NEW FASB GUIDANCE: ASU 2017-04 GOODWILL AND OTHER
On January 26, 2017, the FASB issued ASU 2017-04, which removes the requirement to compare the implied fair value of goodwill with its carrying amount. In summary, the ASU 2017-04 amendments removes Step 2 of the goodwill impairment test, which required a hypothetical purchase price allocation. As a result, under the ASU 2017-04 amendments,
“an entity should perform its annual, or interim, goodwill impairment test by comparing the fair value of a reporting unit with its carrying amount [and] should recognize an impairment charge for the amount by which the carrying amount exceeds the reporting unit’s fair value; however, the loss recognized should not exceed the total amount of goodwill allocated to that reporting unit.”
In addition, the ASU 2017-04 amendments:
- Clarifies the requirements for excluding and allocating foreign currency translation adjustments to reporting units in connection with an entity’s testing of reporting units for goodwill impairment;
- Clarifies that “an entity should consider income tax effects from any tax deductible goodwill on the carrying amount of the reporting unit when measuring the goodwill impairment loss, if applicable”; and
- Makes minor changes to the overview and background sections of certain ASC subtopics and topics as part of the Board’s initiative to unify and improve those sections throughout the Codification.

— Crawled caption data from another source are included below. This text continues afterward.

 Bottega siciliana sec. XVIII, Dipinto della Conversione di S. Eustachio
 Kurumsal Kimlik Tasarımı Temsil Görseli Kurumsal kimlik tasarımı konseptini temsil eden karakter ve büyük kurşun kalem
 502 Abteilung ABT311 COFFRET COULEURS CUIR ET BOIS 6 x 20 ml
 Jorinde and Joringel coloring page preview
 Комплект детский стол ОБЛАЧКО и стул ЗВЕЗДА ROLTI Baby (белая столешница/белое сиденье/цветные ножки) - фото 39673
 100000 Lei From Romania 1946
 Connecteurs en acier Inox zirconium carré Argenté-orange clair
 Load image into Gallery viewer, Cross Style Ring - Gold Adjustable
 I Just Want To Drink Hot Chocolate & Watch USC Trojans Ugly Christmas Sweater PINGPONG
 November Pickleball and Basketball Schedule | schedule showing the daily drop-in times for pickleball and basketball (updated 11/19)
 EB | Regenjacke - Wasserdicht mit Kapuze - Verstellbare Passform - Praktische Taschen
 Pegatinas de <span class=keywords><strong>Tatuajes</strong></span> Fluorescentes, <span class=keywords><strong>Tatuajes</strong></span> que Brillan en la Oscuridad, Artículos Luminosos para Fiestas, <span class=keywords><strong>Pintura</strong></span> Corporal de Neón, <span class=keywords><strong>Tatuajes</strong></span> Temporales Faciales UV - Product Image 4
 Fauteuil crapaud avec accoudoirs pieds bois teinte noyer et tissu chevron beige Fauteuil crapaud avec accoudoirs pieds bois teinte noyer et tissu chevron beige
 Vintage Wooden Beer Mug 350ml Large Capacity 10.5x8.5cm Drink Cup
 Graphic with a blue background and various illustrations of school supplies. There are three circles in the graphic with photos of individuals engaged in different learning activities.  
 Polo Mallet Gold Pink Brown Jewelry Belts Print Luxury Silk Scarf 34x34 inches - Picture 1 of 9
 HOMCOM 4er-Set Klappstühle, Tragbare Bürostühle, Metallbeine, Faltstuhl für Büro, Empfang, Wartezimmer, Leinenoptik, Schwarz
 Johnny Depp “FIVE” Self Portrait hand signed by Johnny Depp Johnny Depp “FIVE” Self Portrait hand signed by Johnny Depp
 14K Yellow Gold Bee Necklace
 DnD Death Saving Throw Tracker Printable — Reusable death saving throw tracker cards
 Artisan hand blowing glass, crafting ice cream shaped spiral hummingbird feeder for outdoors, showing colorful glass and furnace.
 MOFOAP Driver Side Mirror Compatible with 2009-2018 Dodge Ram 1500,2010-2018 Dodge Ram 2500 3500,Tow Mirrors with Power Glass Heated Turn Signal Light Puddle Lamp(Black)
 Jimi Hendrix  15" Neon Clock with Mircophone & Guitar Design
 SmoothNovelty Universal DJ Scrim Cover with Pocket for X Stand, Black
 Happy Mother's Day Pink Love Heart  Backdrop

ASU 2017-04 is effective prospectively for public business entities that are SEC filers, for fiscal years beginning after December 15, 2019; for public business entities that are not SEC filers, for fiscal years beginning after December 15, 2020; and for all other entities, including not-for-profit entities, for fiscal years beginning after December 15, 2021. Early adoption is permitted for interim or annual goodwill impairment tests performed on testing dates after January 1, 2017.